Jessie Willcox Smith is one of the great American illustrators. She was born in 1863, and she studied with Howard Pyle, who was one of the master illustrators of the Brandywine School of Philadelphia. Jessie Willcox Smith was a very popular illustrator at the turn of the century. She did a lot of work for Scribners magazine. And she never married, but she used children as her subjects in almost every picture. This is a wonderful example of her work. The date is probably about 1890. She uses several techniques that are very interesting. One is that you have these dynamic diagonals with all these wonderful kind of pencil-point brushstrokes, which also add energy. And then you have this, the rhythm of the leaves also creating more energy. But it's a very tranquil picture. It is. She also uses quite a number of different medium. She uses oil here; she uses charcoal in the boat and all through here. She outlines in charcoal and then paints on top. And it's a wonderful way for her to have built the design of the painting without a whole lot of heavy paint layers. It's really a more modern technique for the time period. Her work is very interesting in several marketplaces. Not only is it the collector of American art, but also the collector of illustrative art and of the Arts & Crafts movement. She was closely linked with several other women artists of the time, all illustrators-- Violet Oakley and Elizabeth Shippen Green, with whom she lived in the Philadelphia area. They were called the "Red Rose Girls." Now, as to the value, do you have any idea at all?

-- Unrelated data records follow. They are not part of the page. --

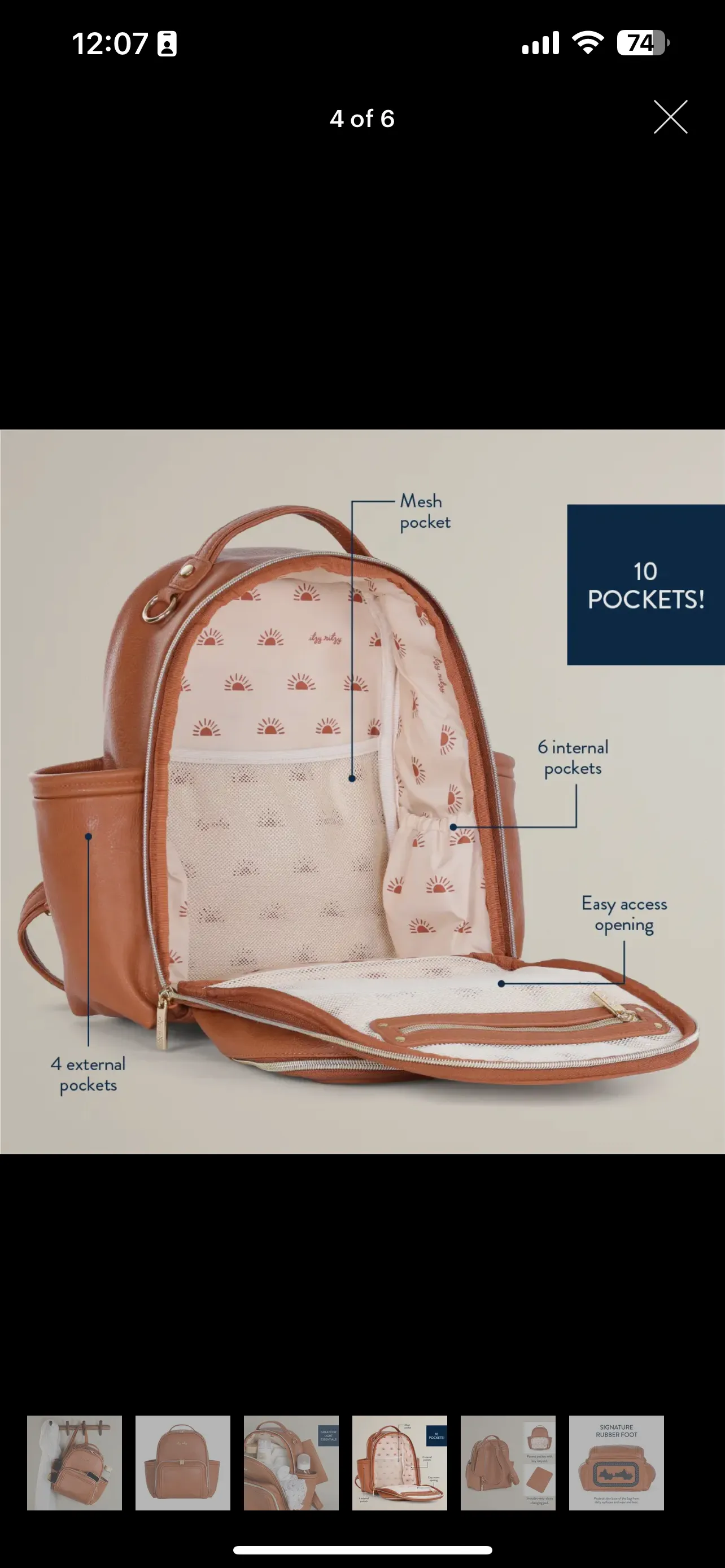 Itzy Mini Plus Diaper Bag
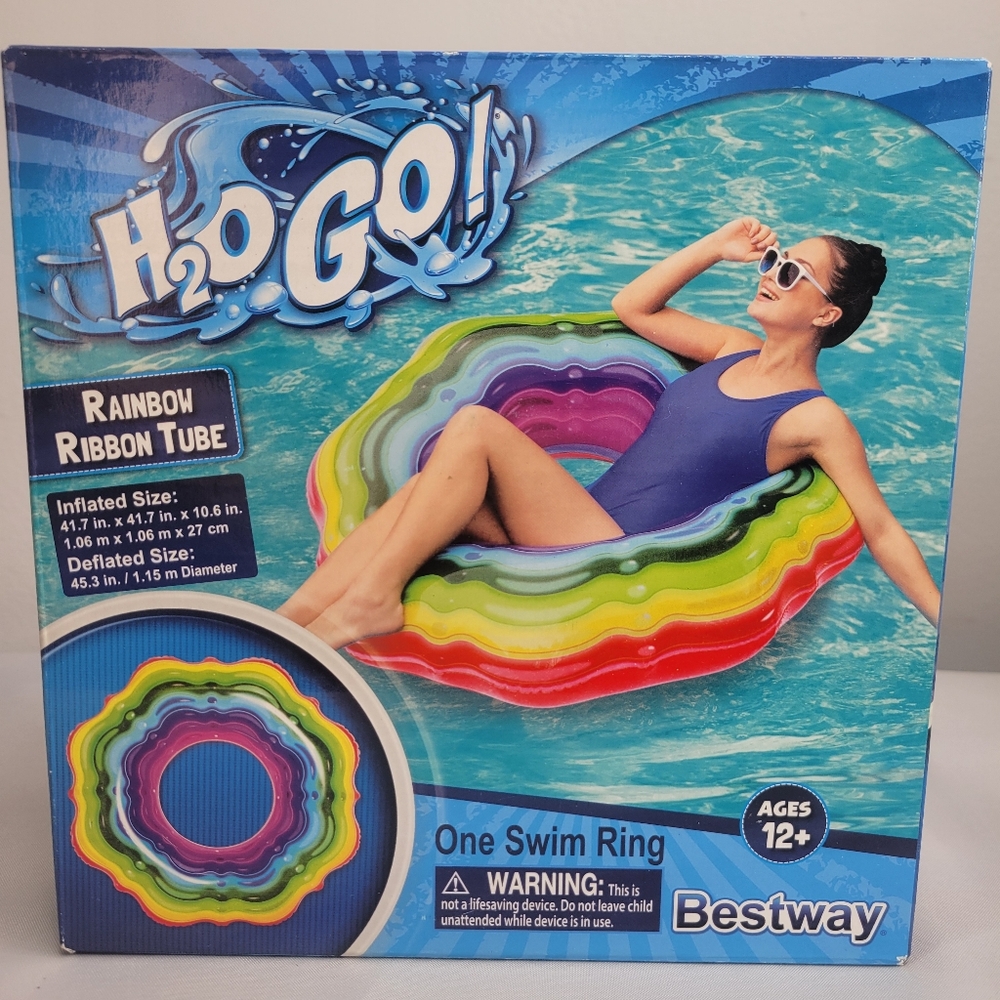 Rainbow Ribbon Swim Ring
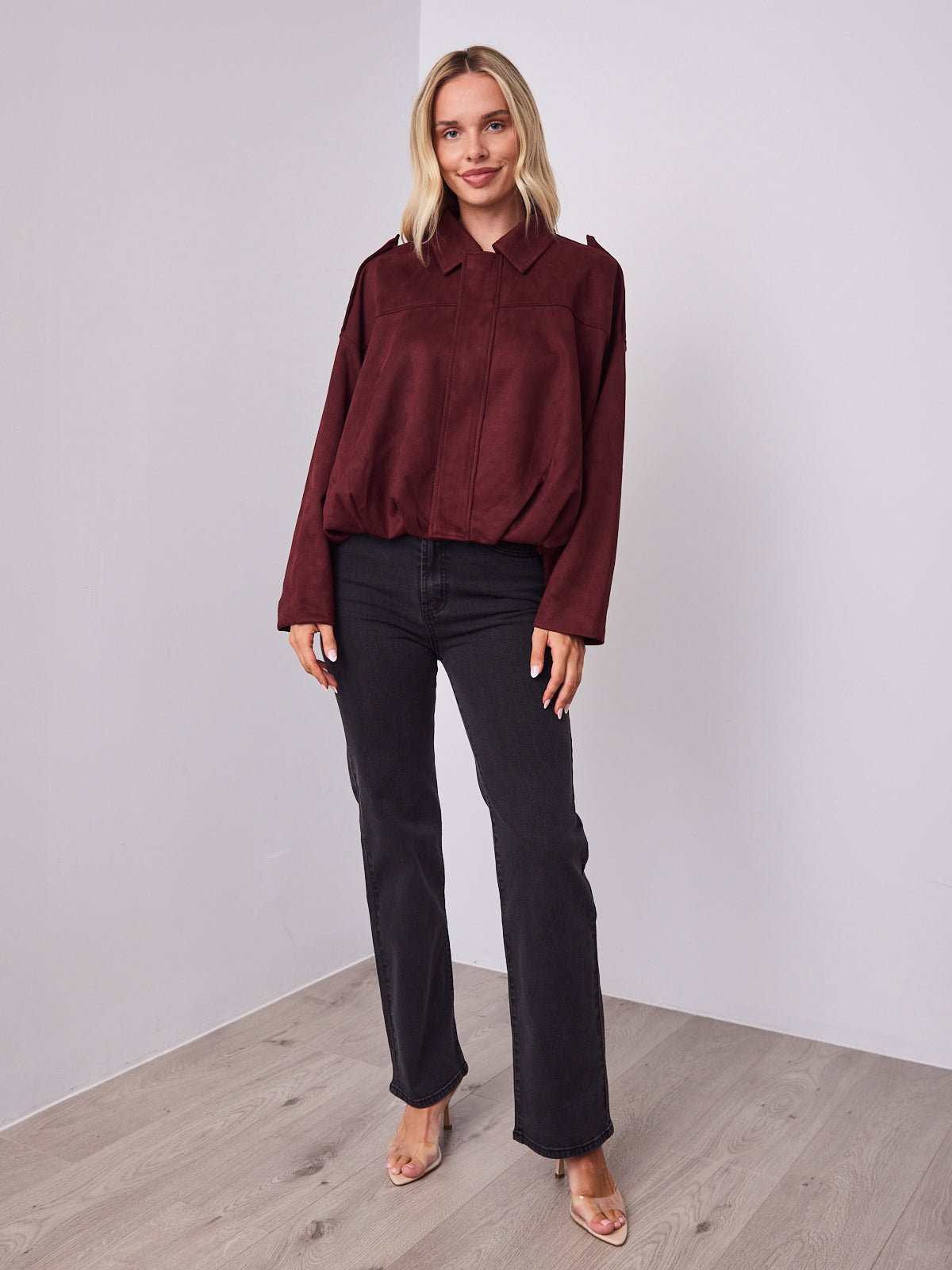 TYLER BOMBER JACKET - WINE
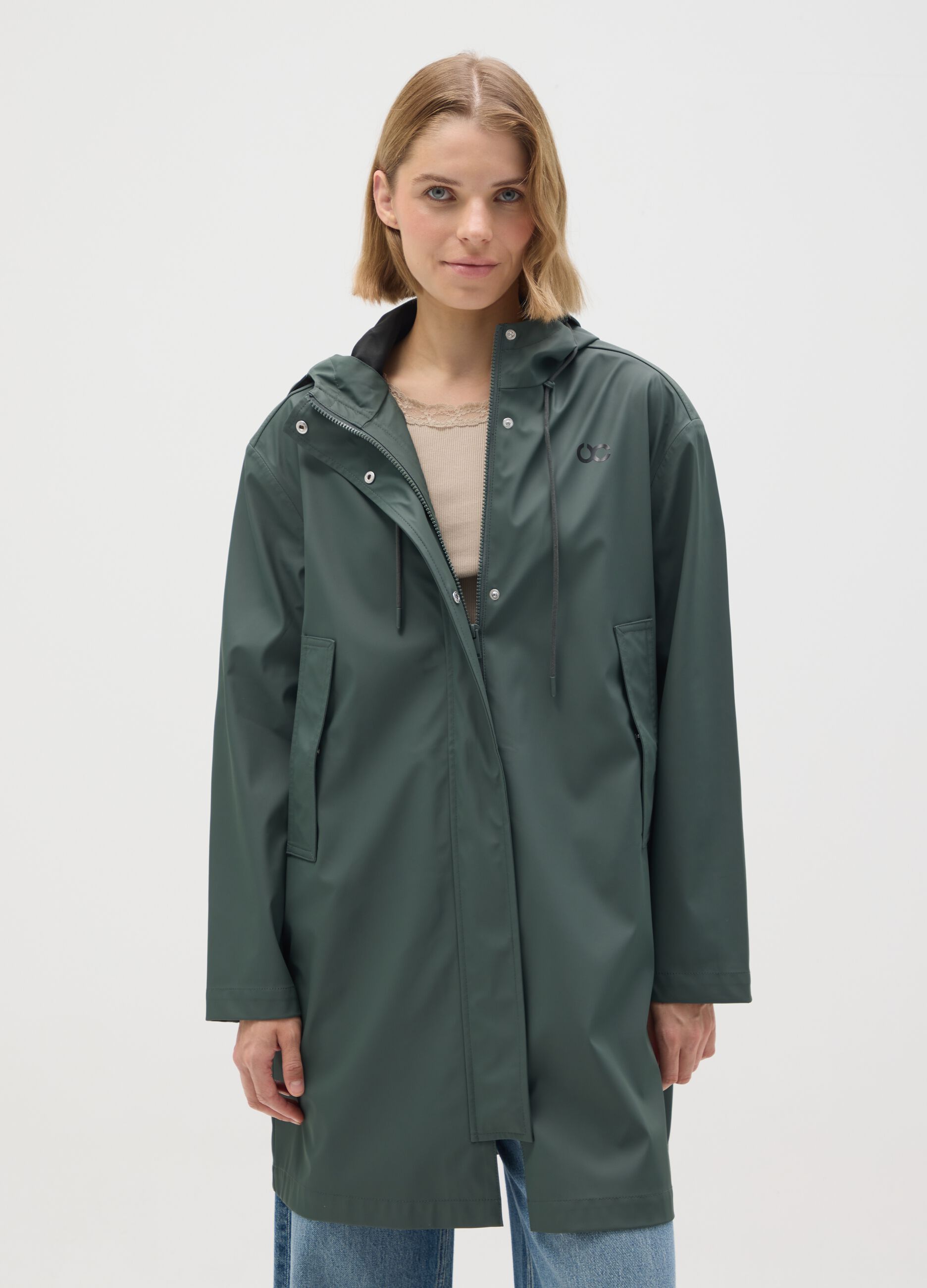 Regular Fit Green Jacket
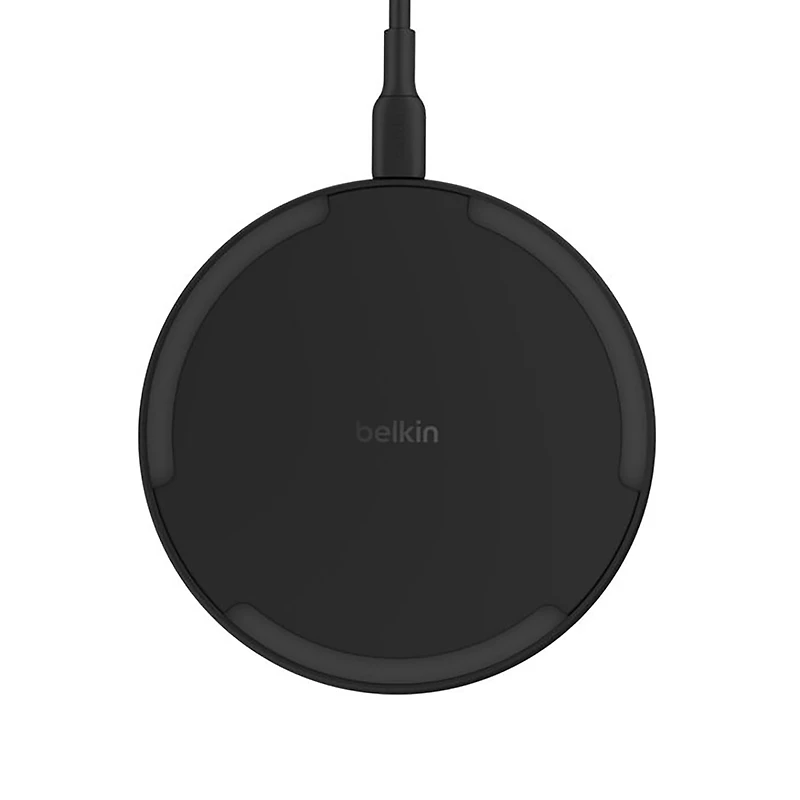 Belkin WIA012ttBK Tapis de Charge sans Fil BoostCharge Qi 15W Noir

I have no idea. I didn't even know if it was a real painting. I mean, I didn't even know if it was real.
Right, well, it's real. And in a New York gallery, the retail price would be in the $125,000 range.
(voice quivering): Are you serious?
Wow. I had no idea. Sorry. (both laughing)
So, I will also mention that this is called a Whistler style frame. And it's very much of that Arts & Crafts movement.
Wow, okay. Oh, my goodness. I'd better handle it carefully going home.